What are the lengths to which it is acceptable to go to prevent crime? In the United States
, our Constitution
, the document that establishes the ground rules for our society, states that these lengths do not extend to the point where they become “cruel and unusual
.” Conditioning someone to the point where he or she suffers pain any time he or she thinks certain thoughts, or even when he or she is exposed to extraneous stimuli
that were inadvertently conditioned as well, is most definitely cruel. If a person is no longer allowed the choice of what actions to perform, then that person is no longer allowed to choose whether to live in our society or not, and is simply alive to perform in the work force as a slave. And if we have this power to condition people, then why use it only on those who have already committed crimes when we can prevent all crimes by conditioning everyone against those actions that the government declares illegal
If conditioning an adult to create morals is wrong, then why is conditioning a child to create morals right? Evidence would suggest that in fact the human mind has evolved to prevent the conditioning of morals in individuals. Despite thousands of years of parents complaining about the rebelliousness of teenagers (at least as far back as the Romans have such writings), the behavior still exists. A change in body chemistry has been shown to correlate to this change in behavior, strongly suggesting, though admittedly not necessarily proving, a biological cause. If such a change in behavior has evolved, then it must have an effect on the species that if nothing else is conducive to survival. Recent research has shown that at the same time this rebellion against conditioning occurs, the moral centers of the brain begin to cement. Would this not suggest that it is at least evolutionarily beneficially to have each individual determine its own moral system?
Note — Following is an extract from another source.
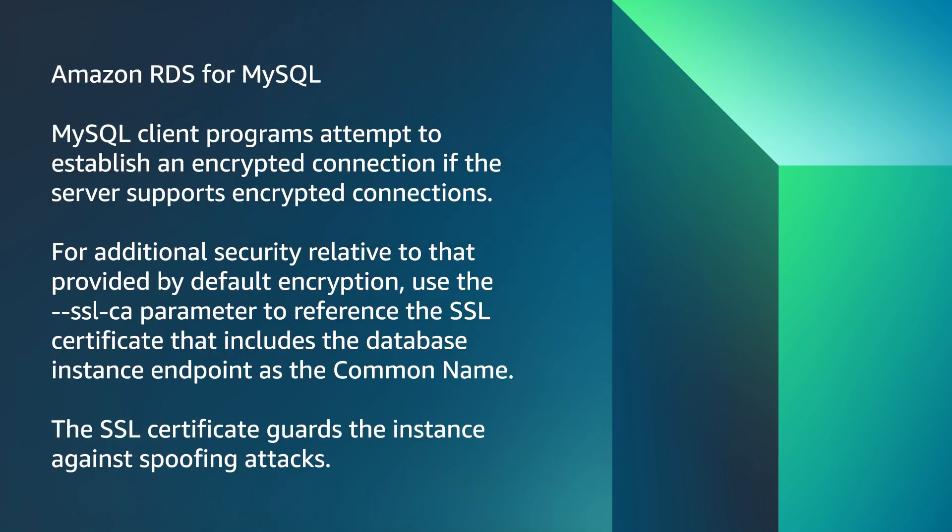Amazon RDS for MySQL. MySQL client programs attempt to establish an encrypted connection if the server supports encrypted connections. For additional security relative to that provided by default encryption,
If it is human nature to have a free will that results in a certain portion of that society that will harm other parts of the then should a society remove that will? If we remove that free will, then why not remove all free will so that there would be no harm to anyone? But if there is no free will, then why have a society at all? Those who have lost someone they loved for the sake of everyone else’s free will might say that that society is better than the one we are in now, and who is to say they are wrong?